Crisis of leadership

 IT’S always good to check from time to time this social
and political requirement of ours. We always need leaders who can
effectively orchestrate the different elements of our life so that we
can attain or, at least, facilitate the attainment of our common good.

            It’s a tremendous responsibility to choose the right
people we put at the helm of our society to steer us in the right
direction. With challenges getting not only plentier but also
trickier, we need to know what criteria we should be using or what
values should guide us in selecting our leaders.

            Are they the appropriate ones? Or do we allow ourselves to
be used and deceived by all sorts of gimmicks played around?

            Candidates for leadership will obviously try to take
advantage of anything they think would help them in their pursuit for
positions. They will build up their war chest, bolster their
popularity, package themselves as attractively as possible.

            If you allow them, they will buy you, drown you with their
images, hypnotize you with their names, make all kinds of spins to any
issue, etc. We have to be most wary of these unwelcome cohorts
candidates bring along, and focus on what truly is important in
selecting.

            Besides, they might think of leadership only in the
practical sense, without any reference to God. Power and authority are
seen as coming only from the people, and not as a participation of the
power and authority of God. Charisma, if they have any, is just pure
personal luck, again with no reference to God.

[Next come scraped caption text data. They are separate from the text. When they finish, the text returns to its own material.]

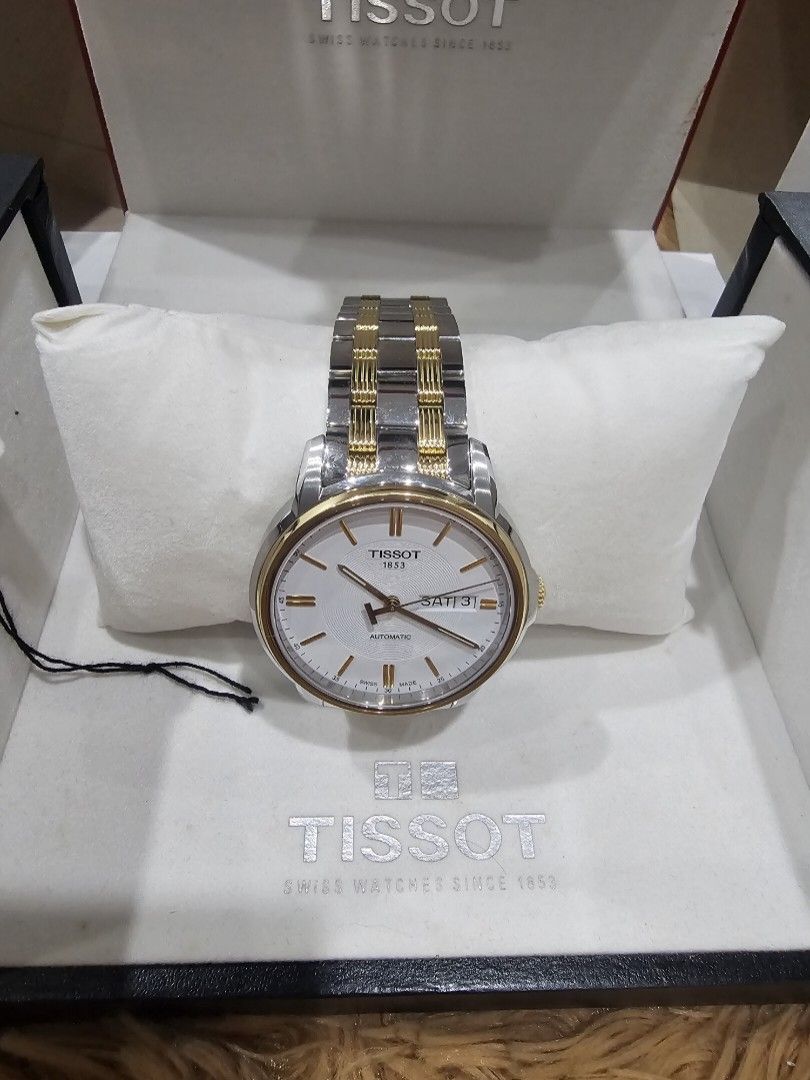 Tissot 1853 Automatic Two-Tone Watch with Box (Category: Luxury Watches) located in Bulacan. Submitted by ms.gemini (Listing ID 1470687824, Image 1). Description: - Brand: Tissot 1853 - Movement: Automatic - Design: Two-tone steel and gold bracelet with silver textured dial - Features: Day and date window at 3 o'clock - Inclusion: Original branded presentation boxes and packaging - Condition: Classic Swiss timepiece, ready to wear or gift Mall pr
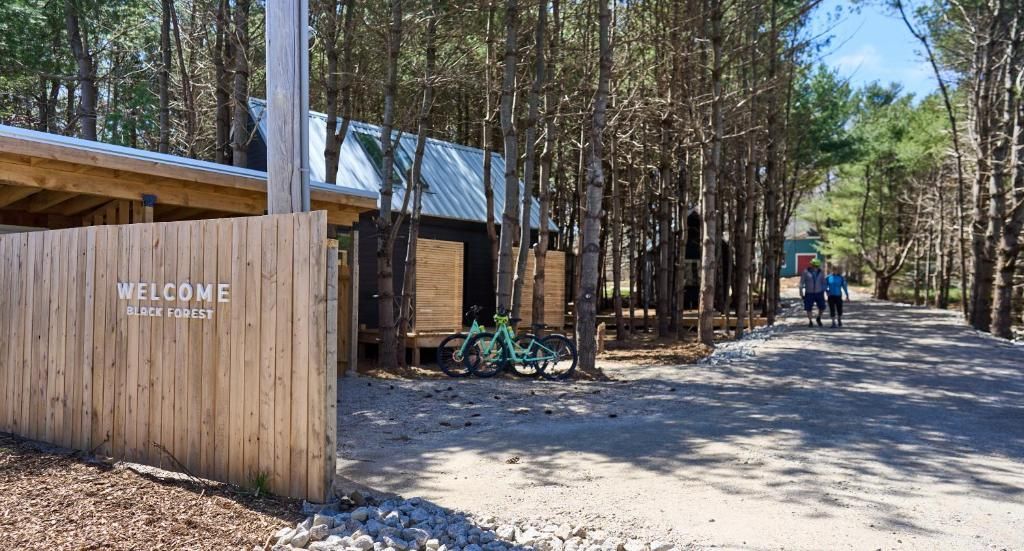 Een houten toegangspoort van Black Forrest Cabins, Mahone Bay naast een zandpad, met mensen die in de verte wandelen.
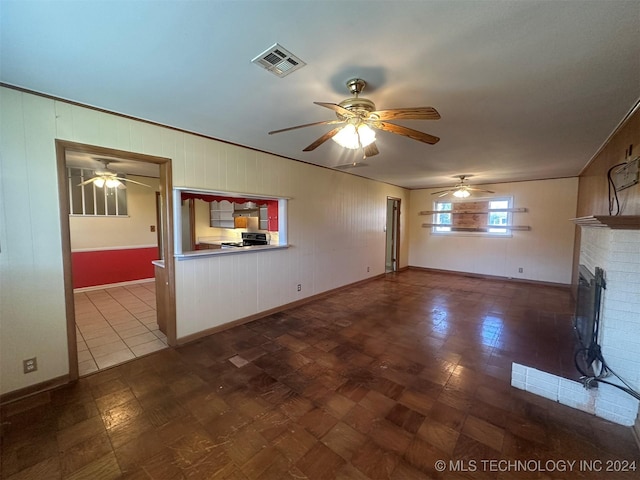 unfurnished living room with a fireplace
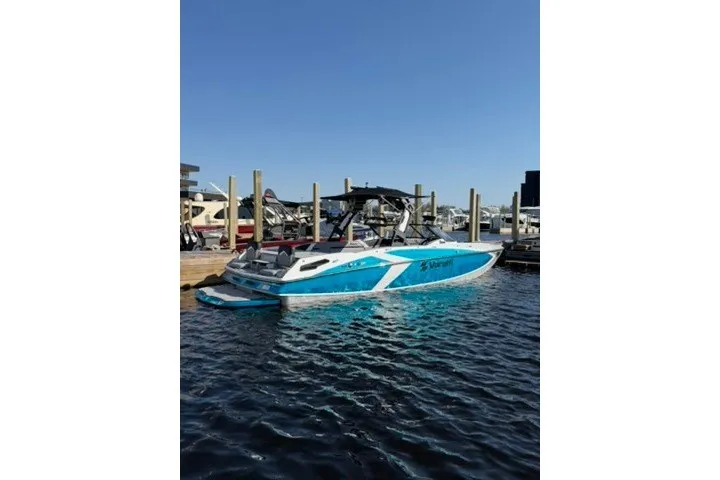 Slide: The Image of 2026 Varatti Z2373 boat docked on calm water under clear blue sky. - 1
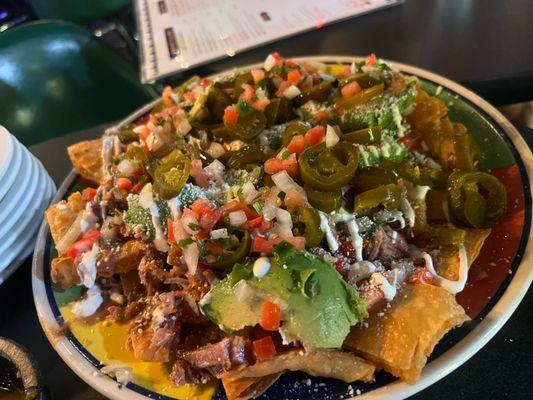 Fiesta Nacho Quesadilla

Fried Quesadillas, loaded with your choice of meat, beans, pico, avo, sour cream & jalapeños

            It’s the voting populace that has more or less the last
say in the choosing. That’s why, to a certain extent we deserve the
kind of leaders we have, since we, in a collective sense, choose them.

            The classic criteria in choosing our leaders are basically
two: competence and integrity. These, of course, can ramify into
countless branches of considerations.

            But already at the first level, there’s a significant
segment of the people who put these two criteria into conflict. One
part is just contented only with competence and look down on
integrity. As long as the goods are delivered, no matter how, which
can include the immoral means, the leader is regarded effective.

            Another part just looks almost exclusively at integrity,
defining it in some curious ways, with God largely excluded, and
hardly gives any attention to a candidate’s capabilities and
expertise.

            Many fail to see the organic connection, even the mutual
relation between these two basic qualities. They can get contented
with one without the other, not knowing that both need each other to
survive and prosper.

            It’s true that the combination is often an elusive ideal,
and that we can always manage with our enormous capacity for tolerance
and for resourcefulness to get by with any situation. But we have to
work on this goal for choosing leaders with greater determination and
system.

            Our times call for it. We need authentic leaders and we
have to learn how to recognize and elect them. We’ve been in some kind
of a bubble produced by a democracy that hardly exerts any effort to
nourish itself with true values. It contents itself with simple
majority.

            We need to outgrow this mentality and effect a real
conversion, not just putting lipstick on a pig. It’s no easy job at
all. It requires tremendous effort on the part of everyone, and
especially of our leaders. Of course, the transformation has to start
in individuals, in homes, schools and churches.

            Sadly, in many parts of the world today, leadership is
understood and pursued in this way. It’s as if the challenges are
purely political or social or economic. And thus, the solutions can
only come from those provinces. The religious grounding of leadership
is at best confined to an ornamental role.

            It’s truly funny to hear talks of ethics in business and
politics when God is not put into the picture. Instead, shameless
maneuverings and brute power plays are resorted.

            The crisis of leadership in the world stems from this
purely secular outlook. Only time will expose the anomaly of this
attitude. Its congenital error will play out in full, as it seems to
be showing in our current global political crisis. Soon, it will paint
Godless leaders and peoples into a corner.

            At the moment, many of us still feel deeply awkward to
admit the role of God in our leadership and in our assessment of
leaders’ competence and integrity. We are actually playing into the
hands of a worsening and escalating trouble.